MRI-ultrasound fusion imaging is another consideration. Previously, this was done with “mental” image fusion. In other words, a planning MRI is acquired, and the same area is identified during TRUS based on the location of the target. One or more 18-gauge cores are then acquired. This is relatively straightforward to incorporate into standard systematic sextant biopsies. However, although this technique has been shown to significantly increase yield after a negative biopsy up to 55%, its reliability is uncertain. Prostate tissue characteristics can be quite different from MRI to ultrasound, complicating the coregistration.

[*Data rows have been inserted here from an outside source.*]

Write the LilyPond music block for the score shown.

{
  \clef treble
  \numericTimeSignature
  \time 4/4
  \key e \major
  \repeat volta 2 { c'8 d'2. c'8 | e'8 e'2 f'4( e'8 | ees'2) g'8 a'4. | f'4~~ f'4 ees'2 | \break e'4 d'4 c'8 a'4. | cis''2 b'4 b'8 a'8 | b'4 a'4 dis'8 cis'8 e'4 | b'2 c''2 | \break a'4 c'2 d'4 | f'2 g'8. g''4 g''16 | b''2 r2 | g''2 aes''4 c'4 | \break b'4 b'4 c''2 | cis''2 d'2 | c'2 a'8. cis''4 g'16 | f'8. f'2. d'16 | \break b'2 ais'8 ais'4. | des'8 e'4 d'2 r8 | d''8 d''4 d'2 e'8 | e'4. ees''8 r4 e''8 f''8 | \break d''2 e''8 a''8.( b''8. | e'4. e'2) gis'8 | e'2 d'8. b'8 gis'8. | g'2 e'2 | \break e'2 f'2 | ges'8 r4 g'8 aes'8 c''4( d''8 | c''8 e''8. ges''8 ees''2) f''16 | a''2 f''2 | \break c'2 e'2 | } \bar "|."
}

New software and hardware combinations purport to fuse MRI and ultrasound data, either with image coregistration (Urostation, Koelis, La Tronche, France) or with mechanical localization (Artemis, Eigen, Grass Valley, CA). For this method, the targets and prostate are outlined on dedicated software, with semiautomatic registration of the prostate. The data are then transferred to the ultrasound interface. The prostate is scanned using a sweep of the ultrasound probe and its registration on the ultrasound data set is registered to the MRI data. The ultrasound interface then displays a three-dimensional representation of the prostate and targets with the direction of the probe and biopsy throw superimposed. The ultrasound probe is manipulated until the planned biopsy throw would intersect the target, and the biopsy device is then deployed ( Figure 20-2 ). These methods also allow for concomitant sextant biopsies. Some experts have found that, with experience, the image fusion becomes less important as they become attuned to how targets on MRI will appear on ultrasound and can identify them even in the absence of direct image fusion; this is even true of some urologists who are invested in imaging technology and work closely with their radiologists, such that these biopsies may be performed with a conventional TRUS setup after review of MR images.

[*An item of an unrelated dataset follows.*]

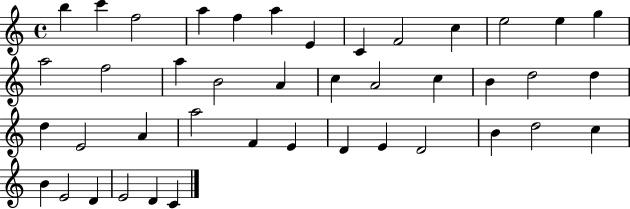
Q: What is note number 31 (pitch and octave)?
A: D4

In both cases, because a transrectal approach will be undertaken, patients undergo a cleansing enema prior to arrival, and adequacy of the preparation is performed by DRE. Antibiotic prophylaxis, often a fluoroquinolone such as ciprofloxacin combined with a third-generation cephalosporin such as ceftriaxone, is taken before and also after the procedure. Analgesia is achieved with local anesthetic, such as 1% lidocaine administered just lateral to the prostate bilaterally, or (less effectively) with lidocaine jelly. Conscious sedation can also be employed. Commonly, at least two cores per target are acquired. Care should be taken to avoid the midline urethra. Complications are rare and include pain, bleeding, and prostatitis. Although a urethral fistula is possible, it is extremely uncommon.